Peoples Academy, Morrisville, Vermont, 1973 to 1979.
Many years back, Meredith Vieira claimed that most of us get over bullying. Well, that's not exactly true, though many of us try to make the best lemonade we can. And did she mean emotional or physical, and does it really matter? You could say I'm about to rant. I say with a purpose.
How many bullied children have fantasized, for brief and fleeting moments, about something horrible happening to their bullies through a terrible accident, the bully's victim nowhere in sight? As landmark as Janis Ian's song At Seventeen was, it's only part of passage. And if a boy does like a girl, even calling her on the phone, the next day's sweetness of a brief and fleeting bragging right gives way to the ostracism and torment so familiar. It never gets far away. Never leaves for long.

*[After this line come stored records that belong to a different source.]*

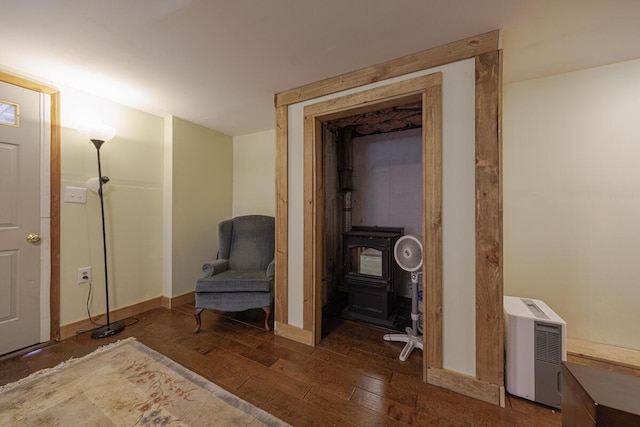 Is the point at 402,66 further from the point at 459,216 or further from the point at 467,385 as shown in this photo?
the point at 467,385

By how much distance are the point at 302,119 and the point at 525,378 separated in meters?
2.52

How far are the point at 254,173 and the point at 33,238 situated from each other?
2.28m

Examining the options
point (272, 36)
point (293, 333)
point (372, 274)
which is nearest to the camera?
point (272, 36)

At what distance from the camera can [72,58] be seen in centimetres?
180

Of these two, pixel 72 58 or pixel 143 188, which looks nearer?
pixel 72 58

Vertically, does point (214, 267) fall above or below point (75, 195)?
Answer: below

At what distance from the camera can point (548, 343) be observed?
145 centimetres

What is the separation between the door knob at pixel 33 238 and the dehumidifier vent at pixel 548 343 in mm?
3900

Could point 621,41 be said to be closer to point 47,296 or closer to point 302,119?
point 302,119

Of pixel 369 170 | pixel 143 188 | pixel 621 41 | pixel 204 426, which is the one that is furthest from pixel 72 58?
pixel 621 41

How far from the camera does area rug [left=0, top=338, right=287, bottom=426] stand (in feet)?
4.36

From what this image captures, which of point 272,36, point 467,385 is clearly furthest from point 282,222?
point 467,385

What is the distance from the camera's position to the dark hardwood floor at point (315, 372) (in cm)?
138

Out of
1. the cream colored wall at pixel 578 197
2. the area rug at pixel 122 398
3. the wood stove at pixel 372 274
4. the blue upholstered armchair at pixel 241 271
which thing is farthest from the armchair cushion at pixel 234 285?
the cream colored wall at pixel 578 197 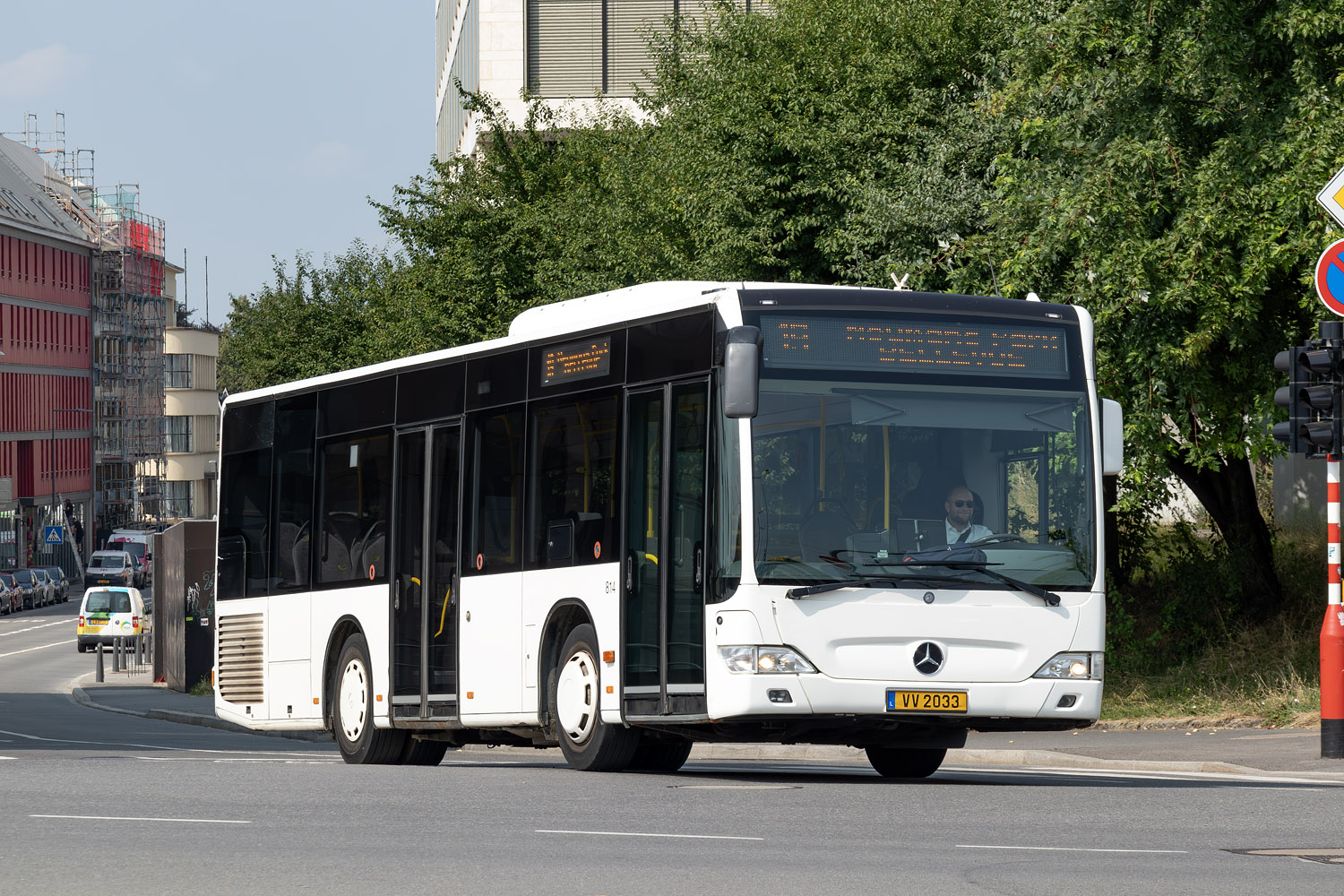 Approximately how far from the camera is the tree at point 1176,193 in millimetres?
21234

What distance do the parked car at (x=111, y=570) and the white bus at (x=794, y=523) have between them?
74770mm

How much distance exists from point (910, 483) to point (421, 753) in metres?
6.89

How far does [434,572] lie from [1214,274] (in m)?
9.23

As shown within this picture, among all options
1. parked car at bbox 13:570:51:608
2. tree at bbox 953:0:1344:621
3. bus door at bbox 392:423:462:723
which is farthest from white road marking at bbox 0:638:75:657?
bus door at bbox 392:423:462:723

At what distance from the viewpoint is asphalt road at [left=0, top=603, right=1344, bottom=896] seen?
356 inches

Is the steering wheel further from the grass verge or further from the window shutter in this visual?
the window shutter

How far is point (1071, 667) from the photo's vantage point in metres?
13.6

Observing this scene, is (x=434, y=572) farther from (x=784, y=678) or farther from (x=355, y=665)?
(x=784, y=678)

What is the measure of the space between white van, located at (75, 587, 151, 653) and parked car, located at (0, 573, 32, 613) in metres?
28.0

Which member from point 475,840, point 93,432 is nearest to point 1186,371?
point 475,840

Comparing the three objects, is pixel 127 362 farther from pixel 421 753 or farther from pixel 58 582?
pixel 421 753

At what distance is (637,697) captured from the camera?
14000mm

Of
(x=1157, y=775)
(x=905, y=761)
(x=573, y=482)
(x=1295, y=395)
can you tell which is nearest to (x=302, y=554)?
(x=573, y=482)

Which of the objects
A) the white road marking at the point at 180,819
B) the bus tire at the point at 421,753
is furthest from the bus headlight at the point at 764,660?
the bus tire at the point at 421,753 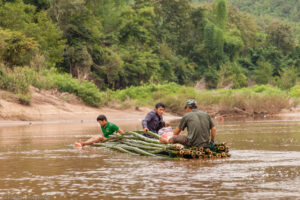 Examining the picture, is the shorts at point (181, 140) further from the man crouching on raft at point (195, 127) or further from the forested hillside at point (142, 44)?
the forested hillside at point (142, 44)

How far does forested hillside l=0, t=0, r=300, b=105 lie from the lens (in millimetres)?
41969

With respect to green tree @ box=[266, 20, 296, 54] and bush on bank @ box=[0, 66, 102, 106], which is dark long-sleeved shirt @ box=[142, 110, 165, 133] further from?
green tree @ box=[266, 20, 296, 54]

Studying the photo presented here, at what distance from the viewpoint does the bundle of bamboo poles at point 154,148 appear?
12141 mm

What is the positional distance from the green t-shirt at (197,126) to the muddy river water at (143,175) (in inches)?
19.3

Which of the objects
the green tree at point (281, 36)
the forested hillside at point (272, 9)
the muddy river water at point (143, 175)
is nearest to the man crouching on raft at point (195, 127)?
the muddy river water at point (143, 175)

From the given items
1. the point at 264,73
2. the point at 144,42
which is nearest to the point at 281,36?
the point at 264,73

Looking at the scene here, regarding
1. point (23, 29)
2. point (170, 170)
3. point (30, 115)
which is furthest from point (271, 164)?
point (23, 29)

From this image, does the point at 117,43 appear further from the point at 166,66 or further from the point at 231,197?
the point at 231,197

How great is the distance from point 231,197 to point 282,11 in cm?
10641

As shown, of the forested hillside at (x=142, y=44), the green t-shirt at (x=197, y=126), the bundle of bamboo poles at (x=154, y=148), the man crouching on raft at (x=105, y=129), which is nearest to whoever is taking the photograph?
the green t-shirt at (x=197, y=126)

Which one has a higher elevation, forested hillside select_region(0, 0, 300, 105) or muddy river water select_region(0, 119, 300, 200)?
forested hillside select_region(0, 0, 300, 105)

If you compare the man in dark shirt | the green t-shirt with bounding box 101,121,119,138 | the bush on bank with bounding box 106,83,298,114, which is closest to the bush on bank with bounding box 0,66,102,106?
the bush on bank with bounding box 106,83,298,114

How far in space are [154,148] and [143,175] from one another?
297cm

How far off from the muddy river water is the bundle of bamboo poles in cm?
22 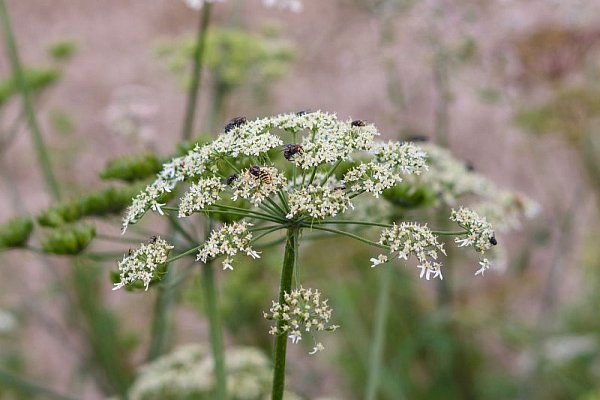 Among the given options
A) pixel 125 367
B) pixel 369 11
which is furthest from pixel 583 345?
pixel 125 367

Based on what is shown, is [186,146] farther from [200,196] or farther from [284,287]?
[284,287]

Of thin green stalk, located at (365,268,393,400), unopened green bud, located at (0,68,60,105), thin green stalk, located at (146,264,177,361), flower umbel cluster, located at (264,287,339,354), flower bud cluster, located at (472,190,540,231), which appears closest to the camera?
flower umbel cluster, located at (264,287,339,354)

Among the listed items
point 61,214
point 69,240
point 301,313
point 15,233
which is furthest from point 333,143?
point 15,233

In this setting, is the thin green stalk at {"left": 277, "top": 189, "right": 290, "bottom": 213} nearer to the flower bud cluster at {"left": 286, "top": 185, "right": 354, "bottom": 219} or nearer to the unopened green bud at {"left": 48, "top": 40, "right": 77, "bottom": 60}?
the flower bud cluster at {"left": 286, "top": 185, "right": 354, "bottom": 219}

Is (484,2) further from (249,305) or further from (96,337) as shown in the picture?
(96,337)

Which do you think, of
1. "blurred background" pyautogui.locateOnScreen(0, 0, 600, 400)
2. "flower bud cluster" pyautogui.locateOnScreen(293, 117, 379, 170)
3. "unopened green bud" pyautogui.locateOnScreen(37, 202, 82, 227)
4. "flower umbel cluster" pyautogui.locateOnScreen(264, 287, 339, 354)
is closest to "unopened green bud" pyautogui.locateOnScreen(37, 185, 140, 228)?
"unopened green bud" pyautogui.locateOnScreen(37, 202, 82, 227)

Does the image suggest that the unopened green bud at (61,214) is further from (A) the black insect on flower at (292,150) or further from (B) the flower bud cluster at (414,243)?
(B) the flower bud cluster at (414,243)

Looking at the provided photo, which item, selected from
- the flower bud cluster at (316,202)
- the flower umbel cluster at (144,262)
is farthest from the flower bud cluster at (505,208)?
the flower umbel cluster at (144,262)

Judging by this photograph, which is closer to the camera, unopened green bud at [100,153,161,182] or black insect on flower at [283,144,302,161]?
black insect on flower at [283,144,302,161] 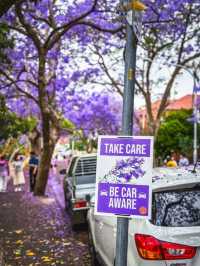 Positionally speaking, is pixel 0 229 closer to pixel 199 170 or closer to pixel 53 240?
pixel 53 240

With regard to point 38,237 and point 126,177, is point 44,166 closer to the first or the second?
point 38,237

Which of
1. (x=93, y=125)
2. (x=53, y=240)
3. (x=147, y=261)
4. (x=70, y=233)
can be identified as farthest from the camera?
(x=93, y=125)

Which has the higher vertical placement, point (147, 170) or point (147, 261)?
point (147, 170)

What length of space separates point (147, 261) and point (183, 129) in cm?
4386


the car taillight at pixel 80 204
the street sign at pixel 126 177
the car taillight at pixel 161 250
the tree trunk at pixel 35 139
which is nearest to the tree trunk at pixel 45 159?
the car taillight at pixel 80 204

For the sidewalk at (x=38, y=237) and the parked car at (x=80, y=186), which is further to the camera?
the parked car at (x=80, y=186)

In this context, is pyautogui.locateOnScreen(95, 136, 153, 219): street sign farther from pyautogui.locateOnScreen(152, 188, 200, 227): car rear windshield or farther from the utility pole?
pyautogui.locateOnScreen(152, 188, 200, 227): car rear windshield

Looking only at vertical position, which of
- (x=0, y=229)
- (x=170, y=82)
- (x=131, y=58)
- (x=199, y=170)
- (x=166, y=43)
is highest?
(x=166, y=43)

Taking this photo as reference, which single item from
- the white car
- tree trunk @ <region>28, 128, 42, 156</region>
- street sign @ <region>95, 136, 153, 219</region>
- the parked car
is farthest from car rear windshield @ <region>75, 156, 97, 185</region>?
tree trunk @ <region>28, 128, 42, 156</region>

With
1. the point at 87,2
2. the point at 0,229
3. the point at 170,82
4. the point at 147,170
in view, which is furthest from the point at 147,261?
the point at 170,82

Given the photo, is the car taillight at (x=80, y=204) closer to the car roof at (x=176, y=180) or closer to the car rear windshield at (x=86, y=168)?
the car rear windshield at (x=86, y=168)

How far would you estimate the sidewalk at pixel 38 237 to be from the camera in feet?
27.9

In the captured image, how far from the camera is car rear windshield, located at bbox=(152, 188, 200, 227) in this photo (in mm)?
4633

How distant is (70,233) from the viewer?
10836 mm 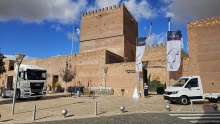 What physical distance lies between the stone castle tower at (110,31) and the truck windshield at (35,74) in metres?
17.7

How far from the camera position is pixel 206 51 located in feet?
60.1

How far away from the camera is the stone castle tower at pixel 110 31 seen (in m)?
35.6

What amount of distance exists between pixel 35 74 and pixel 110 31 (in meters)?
20.9

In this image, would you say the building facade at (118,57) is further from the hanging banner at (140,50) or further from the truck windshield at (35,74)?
the truck windshield at (35,74)

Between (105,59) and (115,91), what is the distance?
16.4 ft

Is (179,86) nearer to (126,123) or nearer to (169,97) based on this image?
(169,97)

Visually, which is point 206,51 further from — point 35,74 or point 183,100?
point 35,74

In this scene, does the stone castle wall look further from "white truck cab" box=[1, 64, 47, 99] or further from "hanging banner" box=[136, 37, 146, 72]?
"white truck cab" box=[1, 64, 47, 99]

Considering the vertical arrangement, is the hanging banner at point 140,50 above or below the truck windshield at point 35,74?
above

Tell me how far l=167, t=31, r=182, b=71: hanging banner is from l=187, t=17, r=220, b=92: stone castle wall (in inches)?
88.6

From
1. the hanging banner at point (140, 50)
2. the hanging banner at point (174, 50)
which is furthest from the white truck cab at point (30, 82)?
the hanging banner at point (174, 50)

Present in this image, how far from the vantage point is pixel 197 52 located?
18.8m

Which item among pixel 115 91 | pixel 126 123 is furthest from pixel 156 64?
pixel 126 123

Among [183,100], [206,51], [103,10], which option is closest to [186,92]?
[183,100] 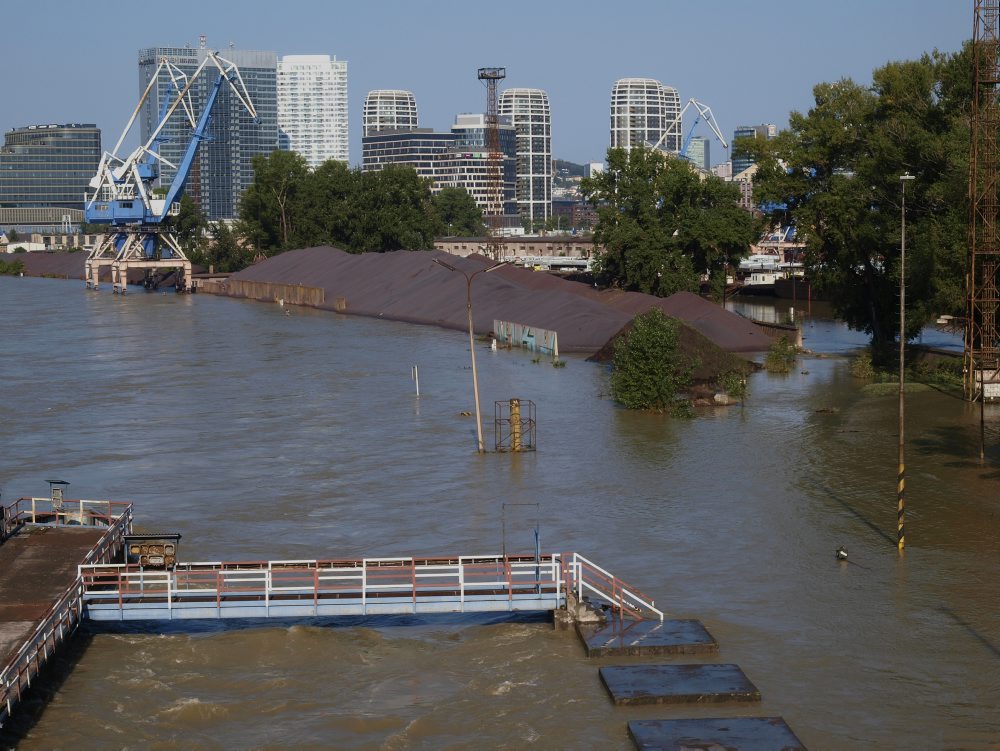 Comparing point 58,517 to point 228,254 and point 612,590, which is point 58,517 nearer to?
point 612,590

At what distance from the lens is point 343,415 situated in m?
41.5

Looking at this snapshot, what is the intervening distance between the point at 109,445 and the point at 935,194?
1118 inches

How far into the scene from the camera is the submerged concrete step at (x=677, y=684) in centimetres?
1752

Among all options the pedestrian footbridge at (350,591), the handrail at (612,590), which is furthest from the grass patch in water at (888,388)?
the pedestrian footbridge at (350,591)

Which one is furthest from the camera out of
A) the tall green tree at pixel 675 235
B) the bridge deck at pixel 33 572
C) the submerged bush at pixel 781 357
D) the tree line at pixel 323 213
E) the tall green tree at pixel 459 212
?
the tall green tree at pixel 459 212

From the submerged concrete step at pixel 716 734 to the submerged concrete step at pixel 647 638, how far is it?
2.34m

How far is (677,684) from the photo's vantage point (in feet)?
58.9

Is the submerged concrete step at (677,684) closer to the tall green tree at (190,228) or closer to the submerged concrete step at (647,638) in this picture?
the submerged concrete step at (647,638)

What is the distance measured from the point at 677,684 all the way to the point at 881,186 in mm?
36728

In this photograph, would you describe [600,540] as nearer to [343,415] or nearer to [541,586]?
[541,586]

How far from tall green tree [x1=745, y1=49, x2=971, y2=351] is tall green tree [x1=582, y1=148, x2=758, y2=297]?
13648 mm

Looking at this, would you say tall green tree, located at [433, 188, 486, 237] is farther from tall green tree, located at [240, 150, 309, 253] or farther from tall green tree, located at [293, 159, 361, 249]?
tall green tree, located at [293, 159, 361, 249]

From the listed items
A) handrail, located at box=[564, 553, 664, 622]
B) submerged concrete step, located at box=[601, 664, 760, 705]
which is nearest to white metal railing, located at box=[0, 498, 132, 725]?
handrail, located at box=[564, 553, 664, 622]

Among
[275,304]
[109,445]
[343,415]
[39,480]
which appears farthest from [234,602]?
[275,304]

Efforts to explain why I was (so) different, why my "behavior" was foreign to the popular and/or common trend, became the catalyst for what is now commonly known as duct tape. New York and Vermont have long been deemed separate planets by each other, the inequality of which is evident in reactions to one another. Vermonters hate New Yorkers and New Yorkers see Vermont in the mountain-airy light that's best left out of the can with the "Green Mountain" label. The culture of the Morrisvillian teen of the mid-to-late seventies stretched the enabling powers of the bullied and shunned to survive with the help of angels. Neither was likely to succeed alone, nor was fantasy. How fitting it is for one of the most intelligently-run mental hospitals in the United States to be located in Vermont.
How many bullied children couldn't speak, their efforts silenced in thought? I refuse to believe that I'm the only one who fantasized about injury inflicted second-hand on my bullies. At the age of 13, I learned how to fire a rifle, but it wasn't for hunting, or owning a gun to keep handy or inflicting injury. It was part of a summer camp curriculum. That was the last time I touched a real gun.
Drugs didn't pull me through. I didn't use them. Most of the alcohol poured was wasted when I dumped it into the sink. The act of pouring it, for some reason, helped. Not drinking it"triumphant, though this isn't to say I went alcohol-free through high school. What helped were blades of grass.
Gentle and often simple were the temporary remedies that softened the relentless, emotional blows, even torture, inflicted by school time bullies, and, yet, signs of an ever-deepening depression. Taking comfort in what might otherwise be considered boring was, in reality, temporary peace, peace I was allowed to produce within, peace many other victims may feel too exhausted to find or invent, but also a time to realize serious trouble in progress within.
Operating on many winds that kicked in in a strived-for synchronicity never really achieved, high school became numerous expanding increments of suicidal tendencies. I find it almost amusing how absent from their memories the inflicting of emotional pain has been in the minds of some of the people who wonder why I've passed on attending high school reunions.
My return to Columbine is doubtful. And reunions at the actual Columbine, too, may have ceased, for reasons I can only surmise. As my voice and heart go out to all victims of bullying, the spirit urges their avoidance of internal or external destruction. More schools have discovered the importance of counseling against bullying since Columbine's horror. Yesterday, we had to resolve these problems on our own, yet, there was, miraculously, no rampant bloodshed. After Columbine, zero-tolerance got out-of-hand. If a middle ground has, indeed, been found, it must be nurtured. How many more people have to live through it?